将您的查询放在CTE ，然后使用CASE表达式选择 2 列：

with cte as (
  select s.nom_ , sum(o.soni_) as soni_ ,
    sum(o.soni_*(select narx_ from toper where id_=o.id_ )) as savdo_, 
    sum((o.soni_*o.narx_-o.soni_* (select narx_ from toper where id_=o.id_op ))) as foyda_,
    (select nom_ from tsinf where id_=o.id_v) as val_ 
  from toper o left join tsf f on o.id_sf=f.id_  
  left join tsinf s on o.id_s=s.id_  
  where (f.date_>=date('2020-01-01')) and (f.date_<=date('2020-04-04')) 
  and f.oper_=-1  
  group by id_s, id_v
)
select nom_, soni, savdo, foyda_, 
  case when val_ = 'UZS' then val_ end as Val1,
  case when val_ = 'USD' then val_ end as Val2 
from cte

但是你应该知道条件：

where (f.date_>=date('2020-01-01')) and (f.date_<=date('2020-04-04'))

将您的left连接更改为tsf到inner连接。 如果结果是你所期望的，那很好。 如果不将这些条件移动到ON子句。

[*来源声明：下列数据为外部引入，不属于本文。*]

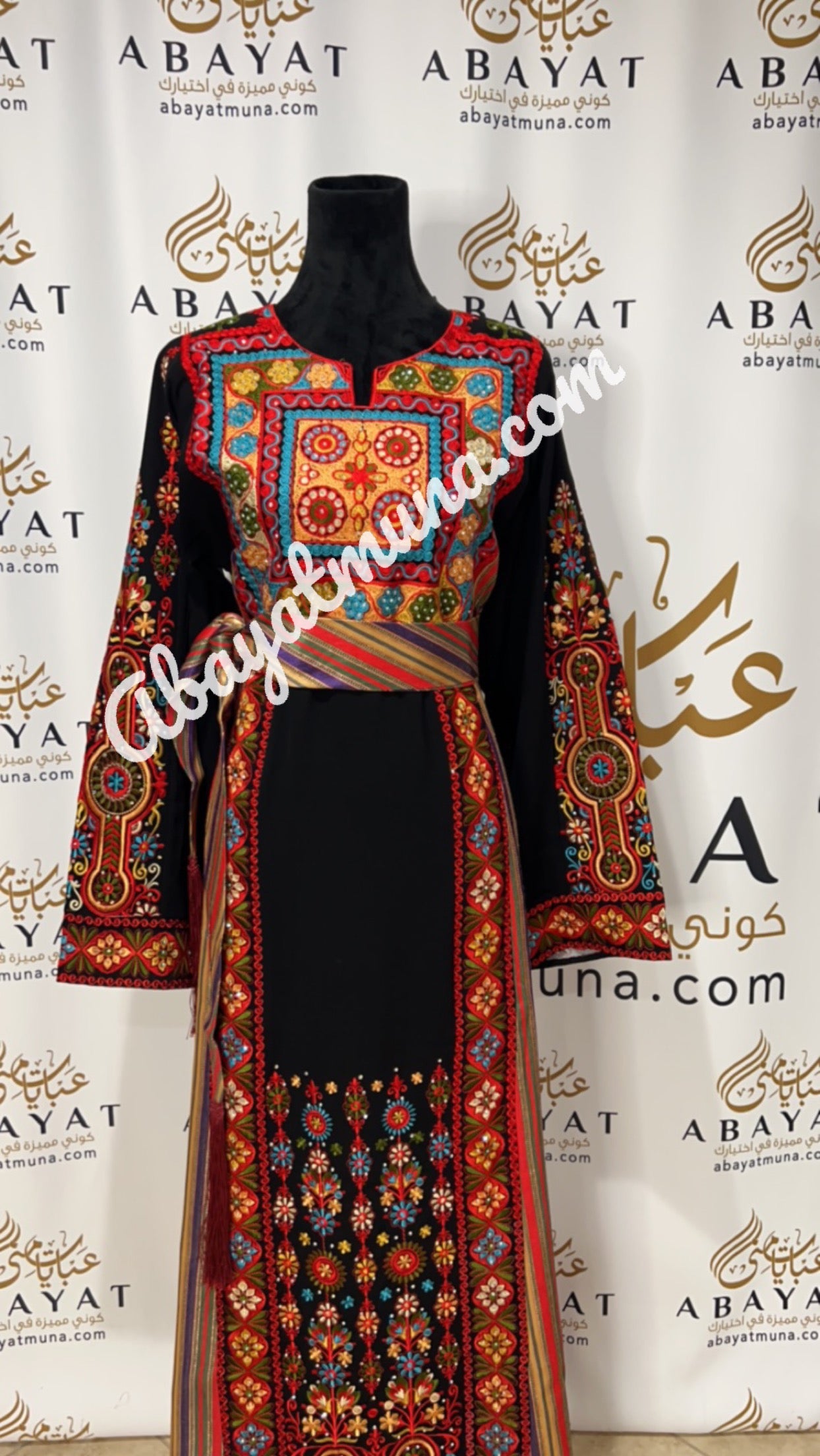 Multicolored Embroidered Palestinian Fellahi Thobe  #9198497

此外，如果关系是 1:1，您可以使用joins而不是您在选择列表中使用的所有select语句。
尝试这个：

select  
  s.nom_, 
  sum(o.soni_) as soni_,
  sum(o.soni_* o2.narx_) as savdo_, 
  sum((o.soni_*o.narx_-o.soni_* o3.narx_) as foyda_,
  case when s2.nom_ = 'UZS' then s2.nom_ end as Val1,
  case when s2.nom_ = 'USD' then s2.nom_ end as Val2 
from toper o 
left join toper o2 on o2.id_=o.id_
left join toper o3 on o3.id_=o.id_op
left join tsf f on o.id_sf=f.id_  
left join tsinf s on o.id_s=s.id_ 
left join tsinf s2 on o.id_v=s2.id_  
where (f.date_>=date('2020-01-01')) and (f.date_<=date('2020-04-04')) and f.oper_=-1  
group by id_s, id_v

Answer 2

我会将子查询移动到FROM子句（使用LEFT JOIN ）。 那么拆分只是两个CASE表达式：

select s.nom_ , sum(o.soni_) as soni_,
       sum(o.soni_*(select narx_ from toper where id_=o.id_ )) as savdo_, 
       sum((o.soni_*o.narx_-o.soni_* (select narx_ from toper where id_=o.id_op ))) as foyda_,
        (case when sv.nom_1 = 'UZS' then sv.nom_1 end) as uzs,
        (case when sv.nom_1 = 'USD' then sv.nom_1 end) as usd
from toper o left join
     tsf f
     on o.id_sf = f.id_  left join
     tsinf s
     on o.id_s = s.id_ left join
     tsinf sv
     on sv.id_ = o.id_v
where f.date_ >= date('2020-01-01') and
      f.date_ <= date('2020-04-04') and 
      f.oper_ = -1 
group by id_s, id_v ;

我还建议删除toper的子查询，但这将是另一个问题。